Monday, February 9, 2015

Superior Iron Man #1-3

Listen, I loved Superior Spider-Man as much as the next guy, but I find myself totally disengaged from the idea of seeing it all over again featuring Iron Man.

I was resistant to this relaunch for a few reasons. The main one is pretty shallow: I loved the black and gold Iron Man suit and I’m angry to see it already re-done with this silvery/white look. The dang suit looks like it is unfinished! At least add some red in there so we can get the Silver Centurion look back!

The second reason behind my trepidation for this title is the writer, Tom Taylor. I understand he’s written some DC books in recent years, but since my New 52 purge, I don’t read many DC books anymore. So he’s a totally unknown property for me at the moment.

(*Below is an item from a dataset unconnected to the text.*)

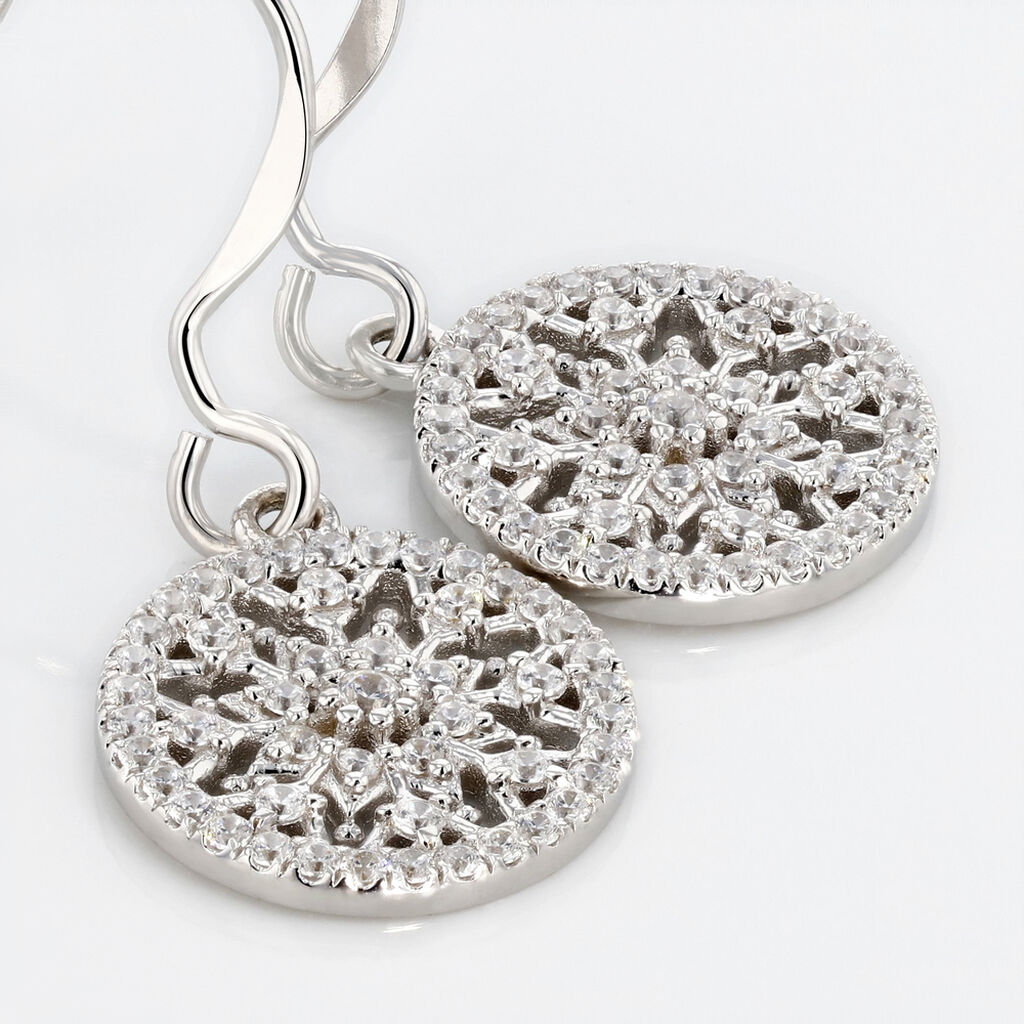 Boucles D'oreilles Pendantes Brunilda Argent Blanc Oxyde De Zirconium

After three issues, I think my initial assessment is correct. Taylor has some good ideas. Tony Stark is using Extremis as a body-morphing app to the city of San Francisco. The catch? He’s charging quite a bit for it. So much that people are forced to do just about anything to maintain their “perfect self” that Extremis brings about.

Needing a couple heroes to offset the still “Inverted” Iron Man (short version; Tony Stark turned evil in a recent Avengers storyline), Taylor enlists Daredevil and Pepper Potts. DD is living in San Francisco, so he makes sense as a low-powered but moral foil for Stark. Pepper seems to be more of the long-term hope for the book. Pepper is working with an older Iron Man suit to bring Tony back to himself.

If I were a betting man, this is a copy of Tony’s personality from years ago, and he’ll probably end up overwriting “modern” Tony. Long term, this will get him out of all those pesky New Avengers/Illuminati decisions and reset him as a Marvel Cinematic Universe-acting Iron Man. Synergy, people!

Taylor's strongest scene is actually with Daredevil rather than Iron Man. I'm not sure if that is good or bad, but the emotion in the scene as Matt Murdock's Extremis wears off is very moving. 

I’m not tremendously familiar with artist Yildray Cinar either. I’m not sure if it is his pencils or the inkers, but I’m getting a big Nelson vibe from the art (if you remember that other penciller). The characters are all sporting thick eyebrows and very strong facial expressions. The action is laid out nicely too, but man, some color on that suit would sure spice up this comic. I also like Cinar’s She-Hulk, too bad she has such a small part in the book.


This one is FAIR and getting put in the Marvel Unlimited category on my reading list. It is going to take a new suit of armor or a personality fix on Tony Stark to get me back monthly.